Short text fragments from websites:
Start of Block
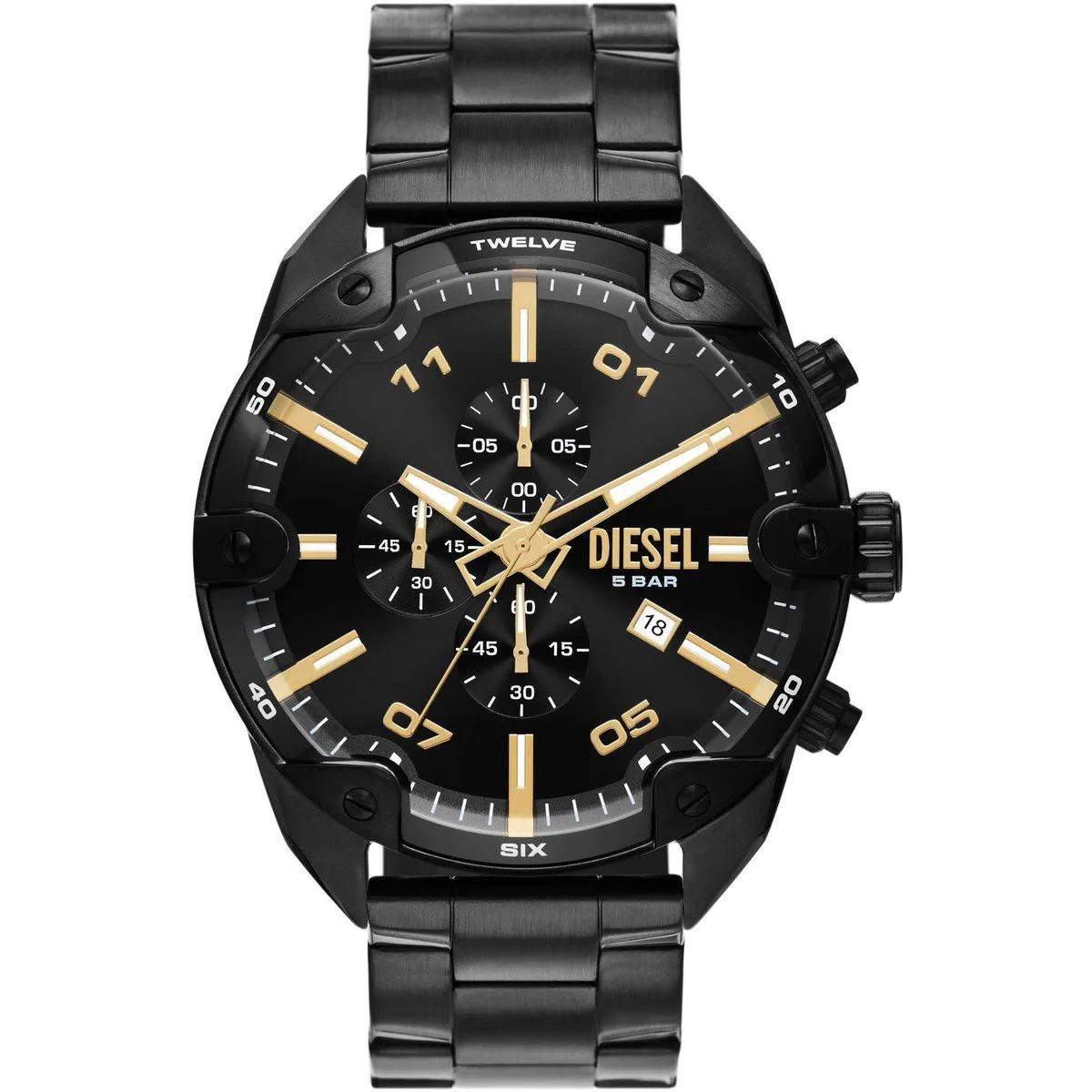 diesel-dz4644.webp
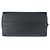 Prada Saffiano Triangle Logo Tote Black - view 10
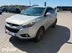фото Hyundai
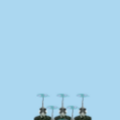 98.png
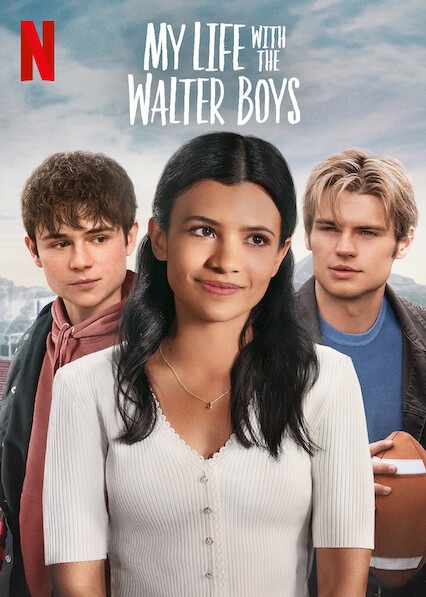 My Life with the Walter Boys (2023) S01 Complete_MdiskVideo_165750a1009c29.jpg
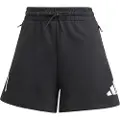 Adidas Z.n.e Shorts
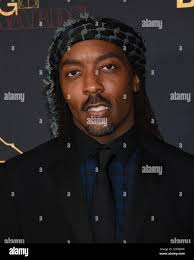 Billy hicks hi-res stock photography and images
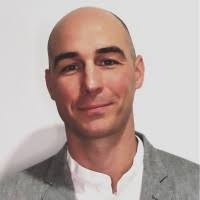 60+ "Hedgepeth" profiles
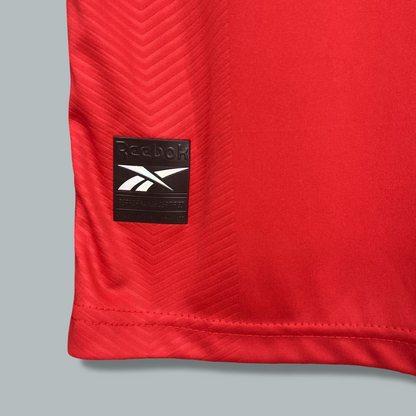 Panama 25/26 Home Kit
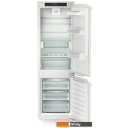 Холодильники Liebherr ICNd 5123 Plus NoFrost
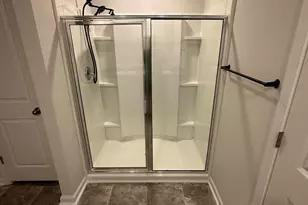 930 Quaint Parish Circle Circle, Graniteville, SC 29829 - Photo 9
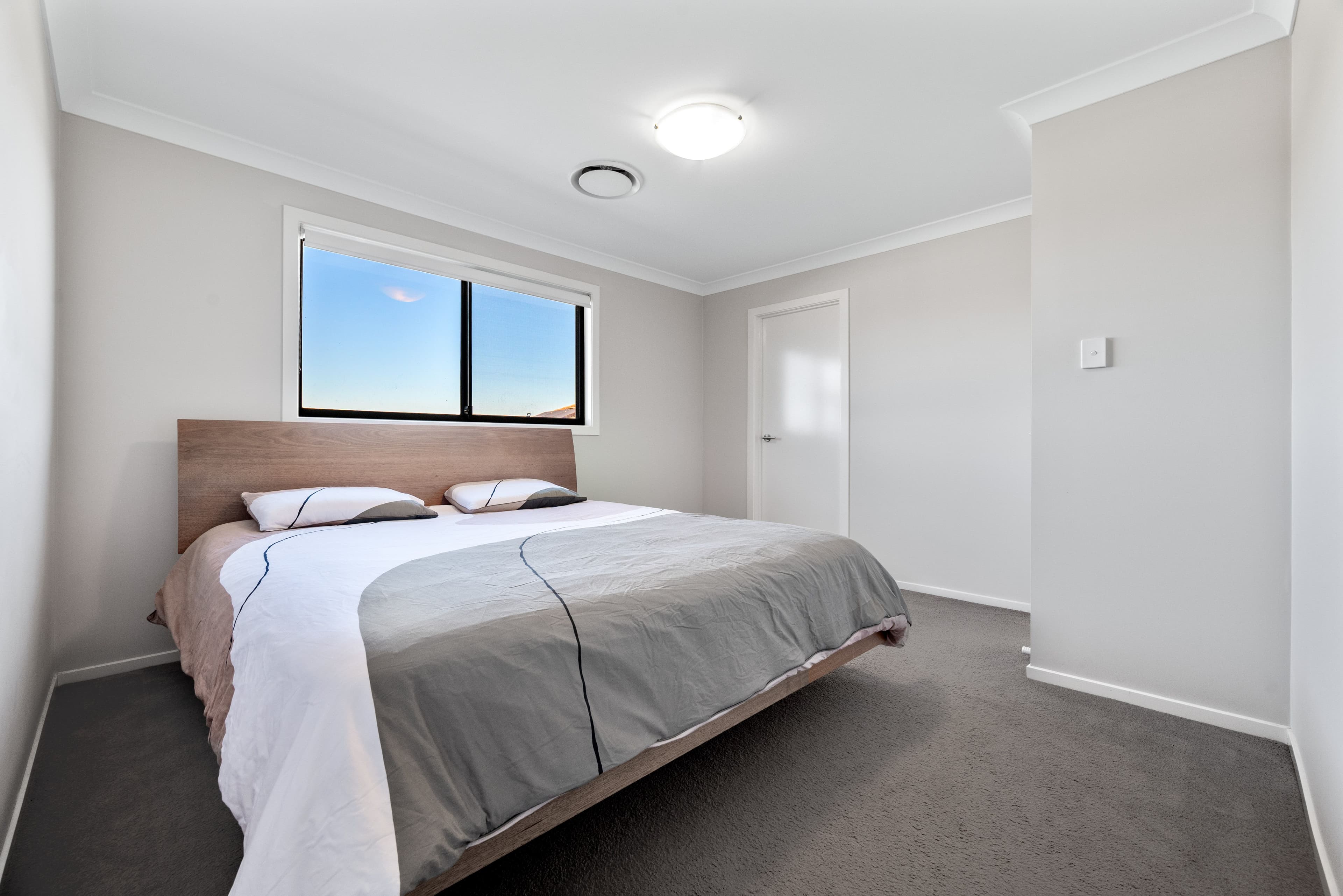 422 Mcfarlane Road, Edmondson Park NSW 2174, Edmondson Park - Thumbnail 6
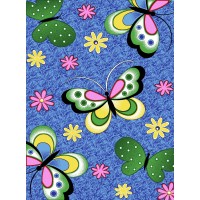 Ковер Принт р1362/b5/51 1,2*2,0 (2.4 кв.м) Ковер Принт р1362/b5/51 1,2*2,0 (2.4 кв.м)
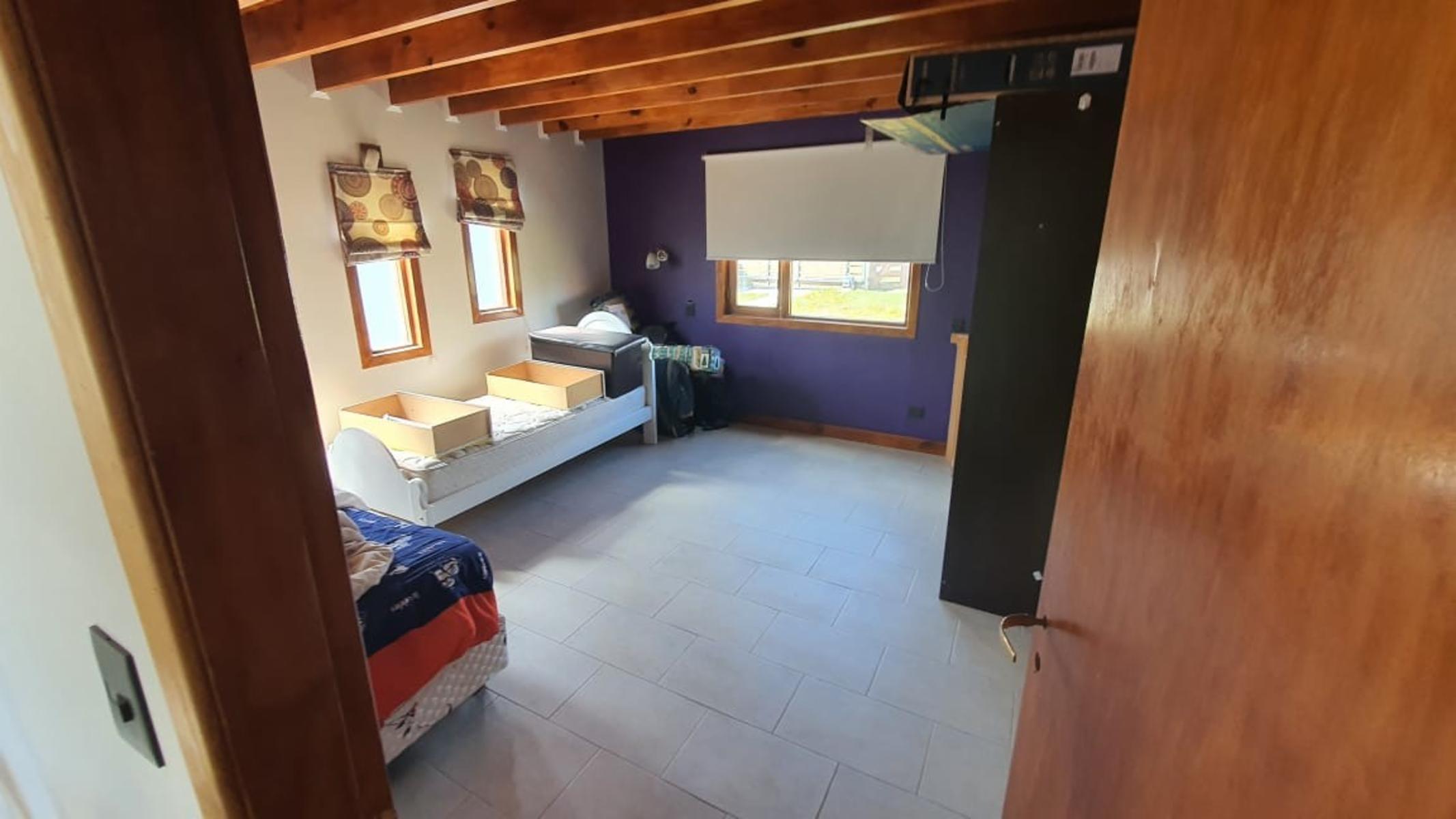 Zelmar Guerrero N° 3070 · Lago Argentino — foto 6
End of Block
#### EXERCISE AIM
Pictures in the records above are to be left out of an otherwise exact copy.

#### ANSWER FOR THE TASK
 diesel-dz4644.webp
 Prada Saffiano Triangle Logo Tote Black - view 10
фото Hyundai
 98.png
 My Life with the Walter Boys (2023) S01 Complete_MdiskVideo_165750a1009c29.jpg
 Adidas Z.n.e Shorts
 Billy hicks hi-res stock photography and images
 60+ "Hedgepeth" profiles
 Panama 25/26 Home Kit
 Холодильники Liebherr ICNd 5123 Plus NoFrost
 930 Quaint Parish Circle Circle, Graniteville, SC 29829 - Photo 9
 422 Mcfarlane Road, Edmondson Park NSW 2174, Edmondson Park - Thumbnail 6
 Ковер Принт р1362/b5/51 1,2*2,0 (2.4 кв.м) Ковер Принт р1362/b5/51 1,2*2,0 (2.4 кв.м)
 Zelmar Guerrero N° 3070 · Lago Argentino — foto 6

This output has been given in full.